§ Provided information
.....

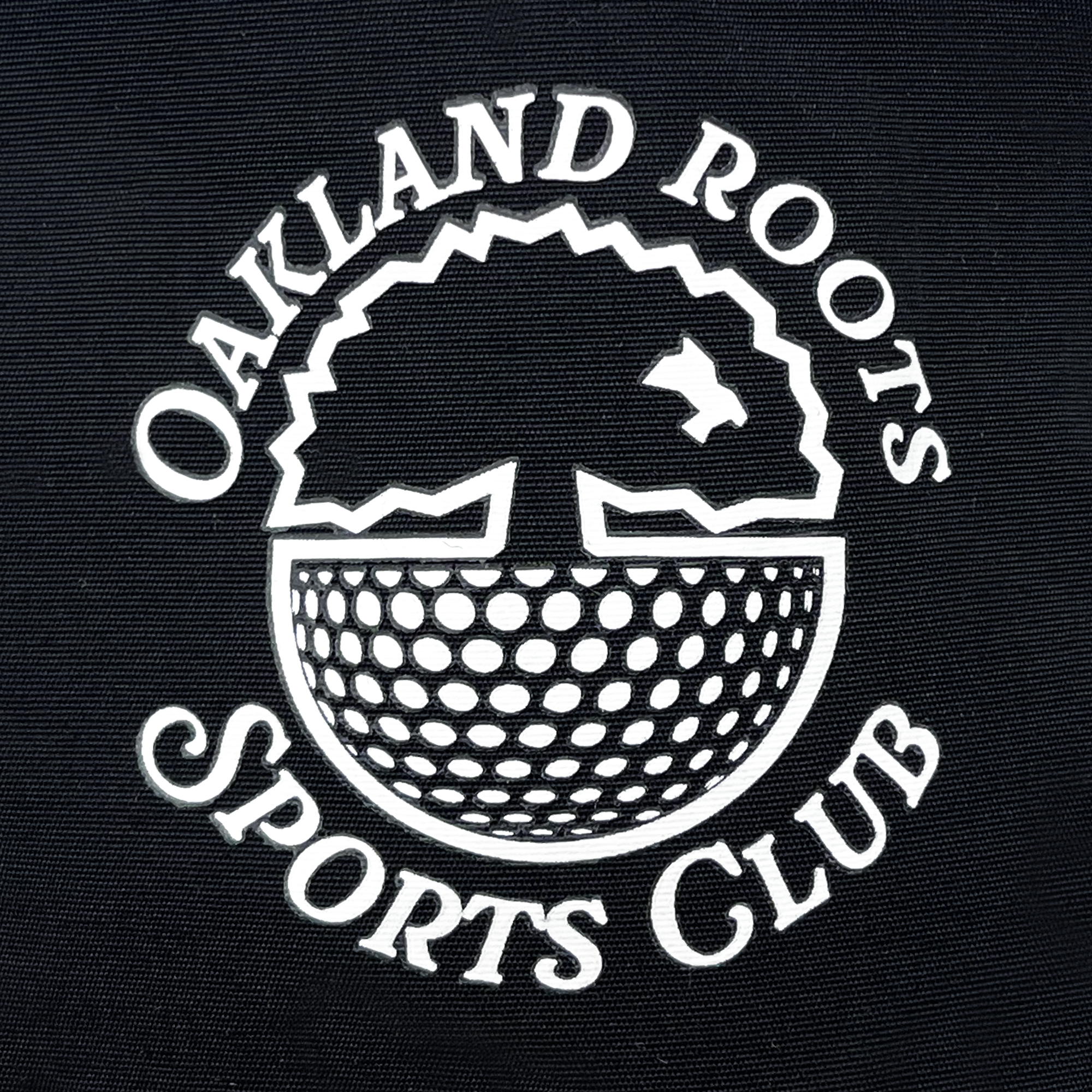 The Heritage Bucket Hat by Oakland Roots SC features a black background adorned with a white emblem of the Oakland Roots Sports Club. The emblem showcases a stylized tree with roots in the pattern of a soccer ball at the bottom. "Oakland Roots Sports Club" is written in a circular arrangement around this tree and roots design, representing their mission of social good.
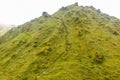 Mount Pelee green volcano hillside with hiking trail full of tourists, Martinique,  French overseas department Royalty Free Stock Photo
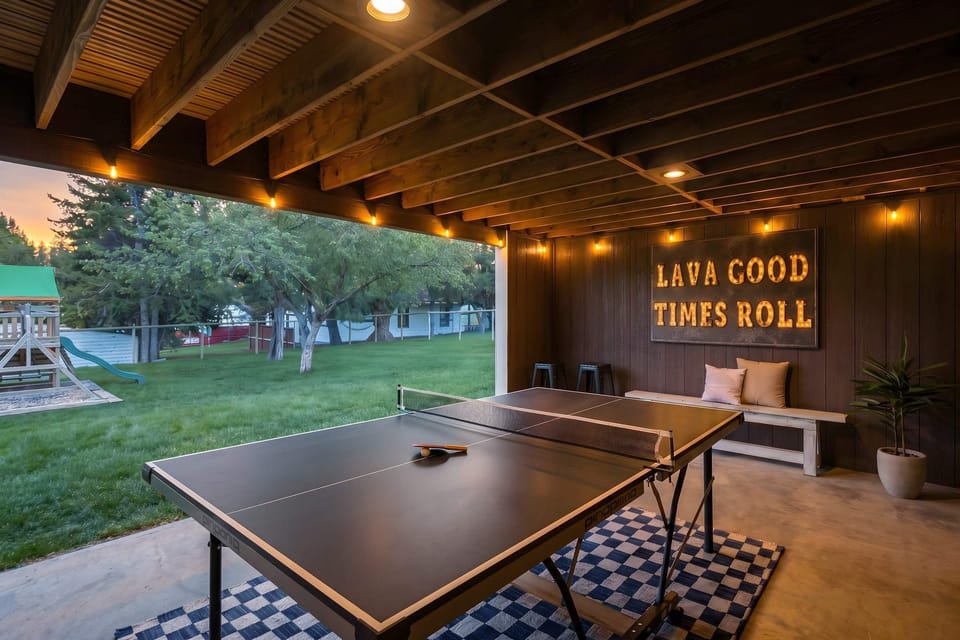 Play on the (professional grade) ping pong table while kids play in the yard. 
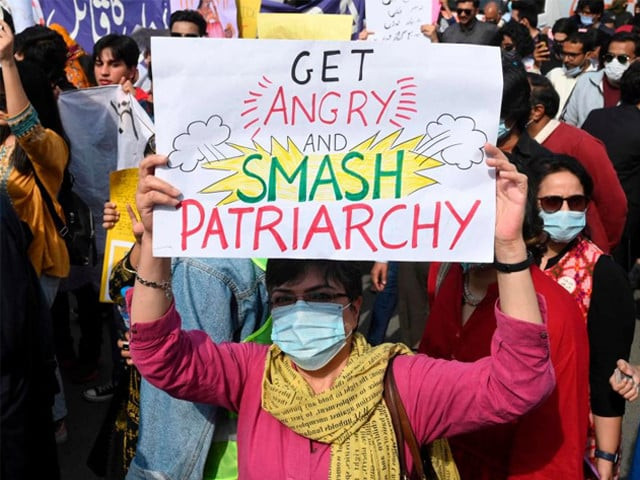 aurat march activists hold placards during a demonstration to mark international women s day in lahore on march 8 2022 photo afp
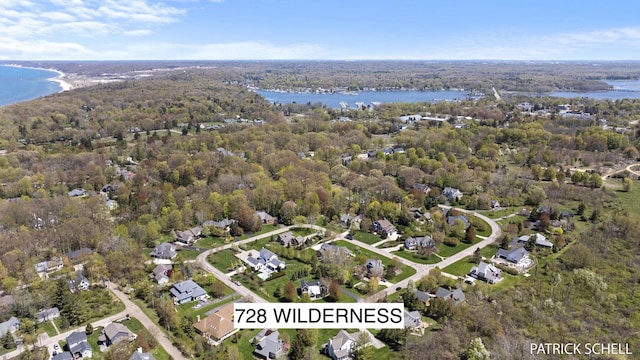 aerial overview of property's location with a nearby body of water and a heavily wooded area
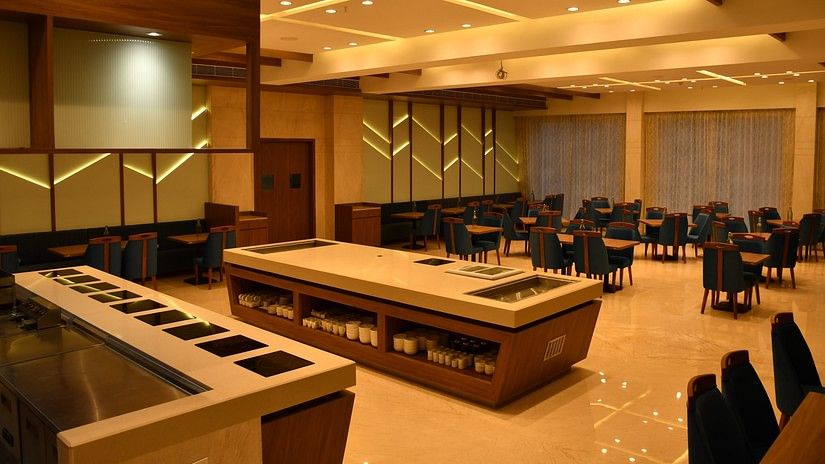 Seating arrangements inside boulevard - The Orchid Hotel, Jamnagar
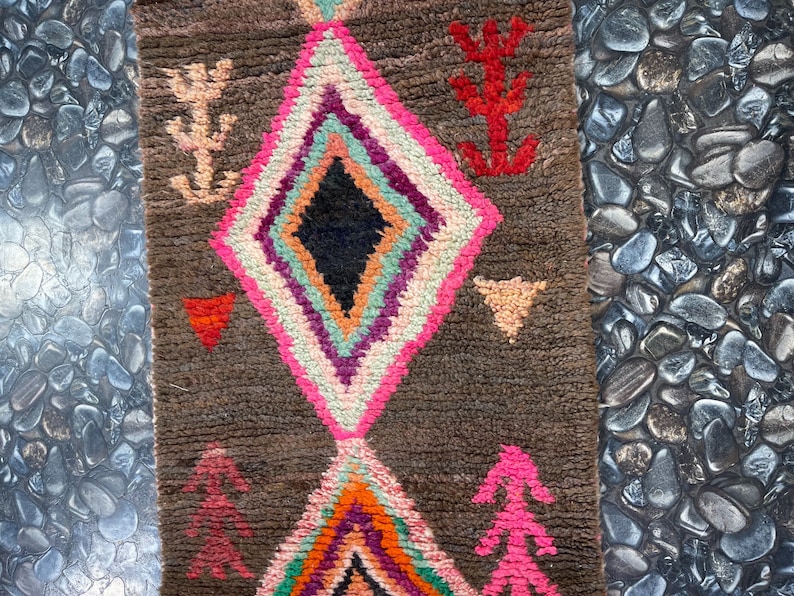 May include: A brown rug with a diamond pattern in pink, white, green, orange, and purple. The rug has a fringe on the top and bottom.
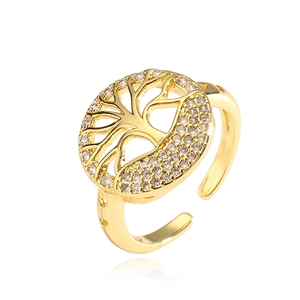 Golden Tree of Life open ring with white zircon stones on a white background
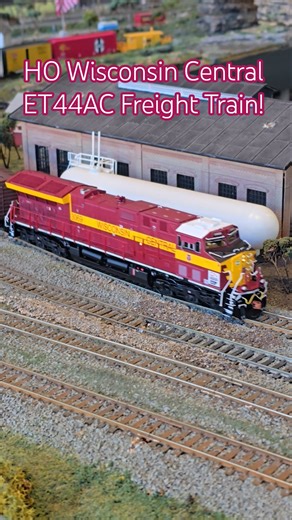 HO Scale Wisconsin Central ET44AC Freight Train Passes Engine Shed!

.....

§ Exercise description
Within the listing above, the lines starting at the one containing "May include: A" and ending at the one containing "Golden Tree of" are to be returned exactly. Omit the pictures.

§ Answer section
 May include: A brown rug with a diamond pattern in pink, white, green, orange, and purple. The rug has a fringe on the top and bottom.
 Golden Tree of Life open ring with white zircon stones on a white background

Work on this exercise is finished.